In April 2022, the Minister of Health announced that, after consultations with stakeholders, the government would not be proceeding with the other previously announce amendments, including the new mandatory factors and the new price calculation for patented medicines. The Minister's announcement also came after the Court of Appeal of Québec's decisions, in February 2022, striking down the new mandatory factors and new price calculations, holding those amendments to be ultra vires.

As a result of the amendments coming into force, the basket of comparator countries now includes 11 countries, namely Australia, Belgium, France, Germany, Italy, Japan, Netherlands, Norway, Spain, Sweden, and the United Kingdom. Two countries were removed from the basket of comparator countries, namely Switzerland and the United States.

In Oct. 2022, the Patented Medicines Price Review Board released for consultation the new draft guidelines to give effect to the amendments. The consultation period expired in Dec. 2022. New guidelines are expected to be implemented in 2023.

5. Five years of Certificates of Supplementary Protection

September 2022 represented five years since Canada's introduction of the Certificate of Supplementary Protection regime. CSPs provide for a maximum two-year term of protection for patents relating to new medicinal ingredients, provided that the regulatory approval is sought in Canada within one year of other major jurisdictions.
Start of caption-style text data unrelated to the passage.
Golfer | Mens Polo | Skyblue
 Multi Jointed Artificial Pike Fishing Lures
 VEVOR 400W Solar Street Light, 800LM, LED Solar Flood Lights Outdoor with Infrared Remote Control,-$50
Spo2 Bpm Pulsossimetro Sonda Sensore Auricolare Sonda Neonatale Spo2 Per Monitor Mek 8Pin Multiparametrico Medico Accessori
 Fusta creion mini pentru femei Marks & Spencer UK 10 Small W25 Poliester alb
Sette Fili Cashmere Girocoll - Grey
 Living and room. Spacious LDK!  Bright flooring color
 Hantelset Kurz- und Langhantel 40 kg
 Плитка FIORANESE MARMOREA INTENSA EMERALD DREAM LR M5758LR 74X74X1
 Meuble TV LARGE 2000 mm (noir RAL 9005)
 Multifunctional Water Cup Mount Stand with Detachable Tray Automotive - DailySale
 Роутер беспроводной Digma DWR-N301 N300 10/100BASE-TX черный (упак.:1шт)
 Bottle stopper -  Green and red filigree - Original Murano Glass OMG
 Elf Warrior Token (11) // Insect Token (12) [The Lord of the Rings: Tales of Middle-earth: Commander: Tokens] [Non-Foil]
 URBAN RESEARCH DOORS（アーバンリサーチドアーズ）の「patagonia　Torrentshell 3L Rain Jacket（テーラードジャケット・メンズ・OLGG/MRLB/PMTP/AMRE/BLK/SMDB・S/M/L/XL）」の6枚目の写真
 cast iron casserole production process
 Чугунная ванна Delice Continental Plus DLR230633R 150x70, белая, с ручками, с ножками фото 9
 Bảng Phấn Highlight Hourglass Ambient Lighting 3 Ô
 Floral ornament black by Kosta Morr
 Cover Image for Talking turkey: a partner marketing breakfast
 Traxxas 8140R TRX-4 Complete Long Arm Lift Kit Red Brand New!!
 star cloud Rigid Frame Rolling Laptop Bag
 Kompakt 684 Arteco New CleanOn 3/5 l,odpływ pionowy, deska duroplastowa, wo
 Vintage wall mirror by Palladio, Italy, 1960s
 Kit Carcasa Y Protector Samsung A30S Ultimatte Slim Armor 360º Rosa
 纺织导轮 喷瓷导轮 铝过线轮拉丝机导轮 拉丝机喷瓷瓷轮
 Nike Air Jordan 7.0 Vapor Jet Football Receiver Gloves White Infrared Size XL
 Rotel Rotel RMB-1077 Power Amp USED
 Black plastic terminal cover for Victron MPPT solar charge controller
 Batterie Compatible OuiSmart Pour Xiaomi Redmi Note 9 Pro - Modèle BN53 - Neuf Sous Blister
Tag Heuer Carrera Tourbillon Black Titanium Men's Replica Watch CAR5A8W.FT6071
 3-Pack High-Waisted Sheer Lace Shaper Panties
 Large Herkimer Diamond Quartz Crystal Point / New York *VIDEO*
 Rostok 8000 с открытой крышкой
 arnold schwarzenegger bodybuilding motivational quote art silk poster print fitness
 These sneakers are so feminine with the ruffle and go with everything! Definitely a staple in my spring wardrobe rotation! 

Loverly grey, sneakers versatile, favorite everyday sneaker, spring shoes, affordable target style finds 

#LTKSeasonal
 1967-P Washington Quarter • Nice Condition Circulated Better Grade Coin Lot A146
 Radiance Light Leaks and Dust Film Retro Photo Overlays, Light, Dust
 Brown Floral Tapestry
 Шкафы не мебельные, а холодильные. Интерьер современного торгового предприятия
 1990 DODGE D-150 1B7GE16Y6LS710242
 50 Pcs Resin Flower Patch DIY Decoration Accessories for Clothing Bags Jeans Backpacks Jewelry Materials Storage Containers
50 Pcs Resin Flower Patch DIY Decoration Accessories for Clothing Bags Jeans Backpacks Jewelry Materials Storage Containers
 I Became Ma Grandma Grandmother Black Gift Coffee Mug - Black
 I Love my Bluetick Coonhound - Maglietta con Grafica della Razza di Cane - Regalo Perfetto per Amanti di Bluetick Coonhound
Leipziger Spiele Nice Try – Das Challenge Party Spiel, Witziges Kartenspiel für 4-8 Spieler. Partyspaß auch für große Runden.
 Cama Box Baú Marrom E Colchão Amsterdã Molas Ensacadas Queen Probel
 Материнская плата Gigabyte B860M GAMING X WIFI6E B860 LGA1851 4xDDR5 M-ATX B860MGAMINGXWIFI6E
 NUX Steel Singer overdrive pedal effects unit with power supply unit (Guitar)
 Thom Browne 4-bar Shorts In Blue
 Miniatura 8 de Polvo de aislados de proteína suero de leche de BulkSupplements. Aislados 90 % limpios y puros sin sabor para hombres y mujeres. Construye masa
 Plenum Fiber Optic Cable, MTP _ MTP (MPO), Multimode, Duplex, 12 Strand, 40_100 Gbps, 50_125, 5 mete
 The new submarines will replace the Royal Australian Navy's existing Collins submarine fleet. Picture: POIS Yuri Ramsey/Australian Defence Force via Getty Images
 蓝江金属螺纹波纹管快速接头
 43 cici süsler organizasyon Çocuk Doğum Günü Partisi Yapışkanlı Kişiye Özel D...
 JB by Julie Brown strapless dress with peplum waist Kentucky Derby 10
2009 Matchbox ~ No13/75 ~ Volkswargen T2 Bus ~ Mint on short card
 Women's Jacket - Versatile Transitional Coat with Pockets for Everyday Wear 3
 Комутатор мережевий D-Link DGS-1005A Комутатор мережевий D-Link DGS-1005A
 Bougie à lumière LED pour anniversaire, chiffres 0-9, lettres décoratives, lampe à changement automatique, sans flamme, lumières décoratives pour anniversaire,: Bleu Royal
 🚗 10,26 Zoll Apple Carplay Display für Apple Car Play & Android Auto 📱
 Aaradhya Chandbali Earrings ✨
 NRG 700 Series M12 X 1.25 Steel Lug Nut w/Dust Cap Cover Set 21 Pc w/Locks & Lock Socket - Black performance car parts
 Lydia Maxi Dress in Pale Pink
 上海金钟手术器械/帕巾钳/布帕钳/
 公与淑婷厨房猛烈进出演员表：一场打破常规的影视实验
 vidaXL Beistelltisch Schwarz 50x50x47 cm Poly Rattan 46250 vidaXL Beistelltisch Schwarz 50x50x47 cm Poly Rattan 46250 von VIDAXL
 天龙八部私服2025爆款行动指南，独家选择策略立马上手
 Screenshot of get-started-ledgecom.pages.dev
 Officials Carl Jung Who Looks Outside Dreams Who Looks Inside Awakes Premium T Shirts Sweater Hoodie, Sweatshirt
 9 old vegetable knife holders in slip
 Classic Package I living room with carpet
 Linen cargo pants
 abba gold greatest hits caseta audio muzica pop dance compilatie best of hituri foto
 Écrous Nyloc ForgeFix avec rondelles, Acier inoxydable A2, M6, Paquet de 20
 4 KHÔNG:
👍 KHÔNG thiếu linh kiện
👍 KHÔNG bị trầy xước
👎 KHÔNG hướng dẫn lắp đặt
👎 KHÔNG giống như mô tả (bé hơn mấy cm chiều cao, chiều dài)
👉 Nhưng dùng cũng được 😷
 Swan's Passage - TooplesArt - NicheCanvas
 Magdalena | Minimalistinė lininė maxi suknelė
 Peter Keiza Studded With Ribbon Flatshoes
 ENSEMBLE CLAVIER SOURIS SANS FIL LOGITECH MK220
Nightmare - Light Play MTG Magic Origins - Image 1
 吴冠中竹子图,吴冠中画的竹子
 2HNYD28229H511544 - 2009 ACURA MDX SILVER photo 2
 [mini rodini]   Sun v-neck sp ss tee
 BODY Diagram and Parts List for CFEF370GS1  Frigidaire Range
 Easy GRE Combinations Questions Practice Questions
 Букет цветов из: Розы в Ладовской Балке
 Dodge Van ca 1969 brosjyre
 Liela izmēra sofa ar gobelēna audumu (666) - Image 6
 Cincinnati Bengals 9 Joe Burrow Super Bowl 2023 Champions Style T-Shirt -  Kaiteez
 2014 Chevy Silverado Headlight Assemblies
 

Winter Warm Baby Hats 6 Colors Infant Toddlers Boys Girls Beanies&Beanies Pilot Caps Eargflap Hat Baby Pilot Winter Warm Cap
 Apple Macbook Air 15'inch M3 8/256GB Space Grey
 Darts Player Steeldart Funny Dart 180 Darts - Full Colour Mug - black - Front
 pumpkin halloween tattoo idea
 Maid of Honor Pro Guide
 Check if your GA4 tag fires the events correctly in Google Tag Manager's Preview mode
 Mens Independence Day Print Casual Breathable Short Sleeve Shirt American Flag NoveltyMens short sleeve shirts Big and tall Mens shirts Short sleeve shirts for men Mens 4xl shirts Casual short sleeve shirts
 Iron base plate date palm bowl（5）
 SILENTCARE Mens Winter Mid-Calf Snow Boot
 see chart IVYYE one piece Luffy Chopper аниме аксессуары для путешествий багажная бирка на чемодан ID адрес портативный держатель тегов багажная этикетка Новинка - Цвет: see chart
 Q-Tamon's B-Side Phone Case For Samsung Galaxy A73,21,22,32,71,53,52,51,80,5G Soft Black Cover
Coincidentally, 2022 marked the filing of the 100th CSP Application, suggesting a rapid introduction of new medicines into Canada.

Despite an initial uptick in Judicial Review Applications regarding rejected CSP Applications, along with some pushback from the Federal Court in previous years (see here), there was not much judicial commentary on CSPs in 2022. Notably, the Federal Court has not yet been asked to determine the validity of a CSP, though as many of the drugs associated with CSPs exit their six-year "no file" data protection period in the coming years, we expect to see an uptick in challenges to CSP validity.

Overall, CSP applications have exhibited a high approval percentage, and generally benefit from the full two-year period of protection. The vast majority of CSP applications are based upon regulatory submissions for human use, with only five CSP applications filed for veterinary use products. As for subject matter of the CSP, monoclonal antibodies and small molecule inhibitors led the way as the two most common medicinal ingredient types underlying a CSP application.

Some additional "fun facts" on the first five years of CSPs in Canada can be found here.

6. New rules and procedures for patent applicants

Amendments to Canada's Patent Rules regarding excess claim fees and Requests for Continued Examination (RCE) came into force in 2022. In particular, for applications for which a request for examination was made on or after October 3, 2022:

  • The fee for each claim in excess of 20 is $100 CAD or $50 CAD for a small entity. As a multiple dependent claim counts as one claim, applicants may wish to make use of such a type of claim to increase scope of coverage while minimizing costs;
  • For an applicant to continue examination after three examination reports (office actions), an applicant must file an RCE and pay a fee of $816 CAD or $408 CAD for a small entity. After the first and any subsequent RCEs, two examination reports may issue before a further RCE must be filed; and
  • Where an examiner considers an application allowable subject to the applicant addressing minor defects, a conditional notice of allowance may be issued. The conditional notice of allowance would requisition the applicant to address the defects and pay the final fee, failing which the conditional notice of allowance may be withdrawn and examination may be continued.